Anyway, I went back to the well, otherwise known as Rain City Guide, to see what's going on . I keep things local, so why read a Seattle area blog? For the advice, education and conversation.
Today's topic? Looking into your soul and making the decision to buy a place or continue renting. Ardell writes a heart felt intervention for a particular young lady who is on advice overload. I point to this post for two reasons:
First, it brings up some interesting angles in the conversation... which always happends here.
Second, if you like real estate, will buy real estate, own real estate, are haunted by real estate (me) then you should read the blog regularly. Look past the local market stuff and dive into the consumer advice and investment portions.
As for buying, I take a more wholistic social benefits angle... but if you read this blog, you already know that. I'm all about the Benjamins too... but there are other reasons to own.
Posted by Eric Rojas at 11:29 AM
Thursday, November 16, 2006
Chicagoist weighs in on the recent drubbing of a lawsuit brought against Craigslist content. The suit claimed discriminatory rental ads posted by users made craiglist liable.

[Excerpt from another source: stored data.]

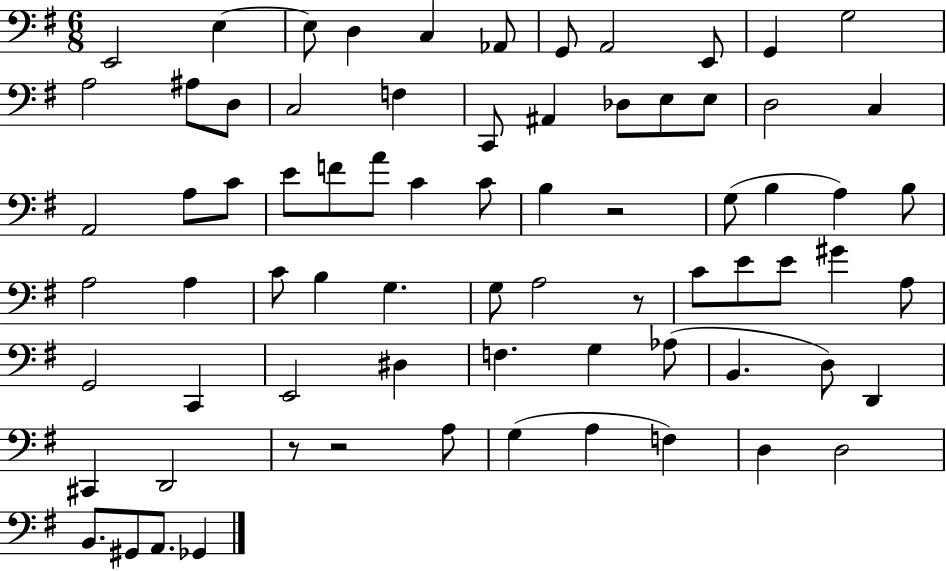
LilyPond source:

{
  \clef bass
  \numericTimeSignature
  \time 6/8
  \key g \major
  e,2 e4~~ | e8 d4 c4 aes,8 | g,8 a,2 e,8 | g,4 g2 | \break a2 ais8 d8 | c2 f4 | c,8 ais,4 des8 e8 e8 | d2 c4 | \break a,2 a8 c'8 | e'8 f'8 a'8 c'4 c'8 | b4 r2 | g8( b4 a4) b8 | \break a2 a4 | c'8 b4 g4. | g8 a2 r8 | c'8 e'8 e'8 gis'4 a8 | \break g,2 c,4 | e,2 dis4 | f4. g4 aes8( | b,4. d8) d,4 | \break cis,4 d,2 | r8 r2 a8 | g4( a4 f4) | d4 d2 | \break b,8. gis,8 a,8. ges,4 | \bar "|."
}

As a Realtor, I post 3 to 4 craigslist ads a week, including my listings and open house appearances/performances (I was acting! Thank you!).
As a licensed Realtor in Illinois, I have to follow fair housing laws and other legal requirements when advertising property in any format. When posting on craigslist, there is a huge warning to postmeisters (my word) to follow fair housing rules.
Anywho… idiots will be idiots and post things that shouldn’t be. We must be careful not to throw the baby out with the bath water… i.e don’t kill the craigslist.
I often train our agents on internet marketing and stress that they understand the federal laws (and our own regulation in Illinois) advertising content.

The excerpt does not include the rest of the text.